### WORK INSTRUCTIONS
Using the listing below, output only the lines from the one that contains "3 BHK Apartment" through the one that contains "Thủ tướng kêu", inclusive, exactly as given and without images.

### THE DATA
□ □ □ □ □

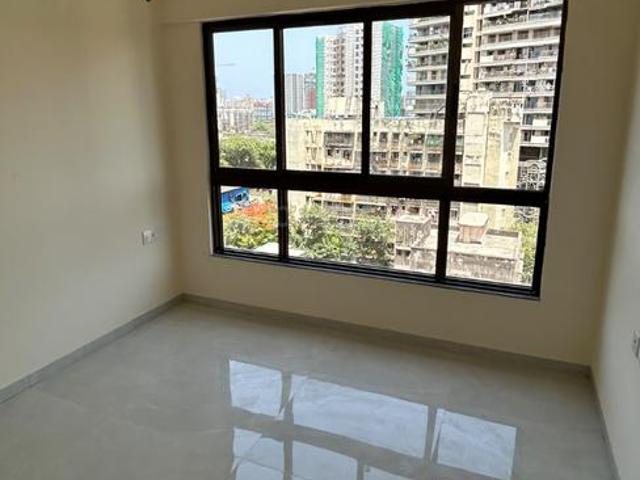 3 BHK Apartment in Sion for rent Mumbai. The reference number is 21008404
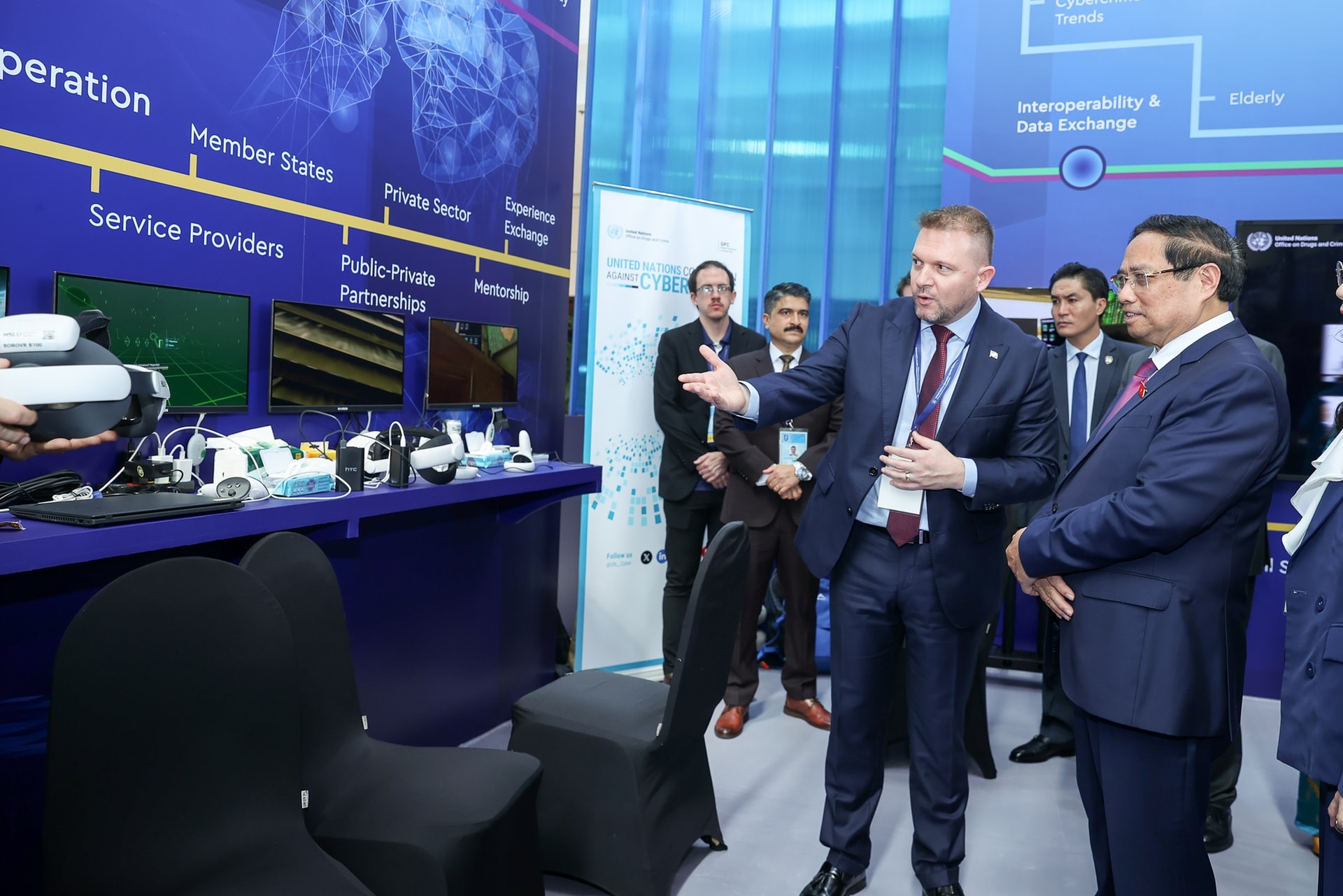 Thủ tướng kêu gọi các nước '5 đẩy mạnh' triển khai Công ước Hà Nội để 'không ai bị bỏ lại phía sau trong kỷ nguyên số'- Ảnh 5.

□ □ □ □ □

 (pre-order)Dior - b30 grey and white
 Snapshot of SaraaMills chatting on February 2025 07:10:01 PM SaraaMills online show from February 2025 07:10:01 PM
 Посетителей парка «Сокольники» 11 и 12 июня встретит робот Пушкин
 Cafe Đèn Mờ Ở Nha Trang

□ □ □ □ □

### EXPECTED ANSWER
 3 BHK Apartment in Sion for rent Mumbai. The reference number is 21008404
 Thủ tướng kêu gọi các nước '5 đẩy mạnh' triển khai Công ước Hà Nội để 'không ai bị bỏ lại phía sau trong kỷ nguyên số'- Ảnh 5.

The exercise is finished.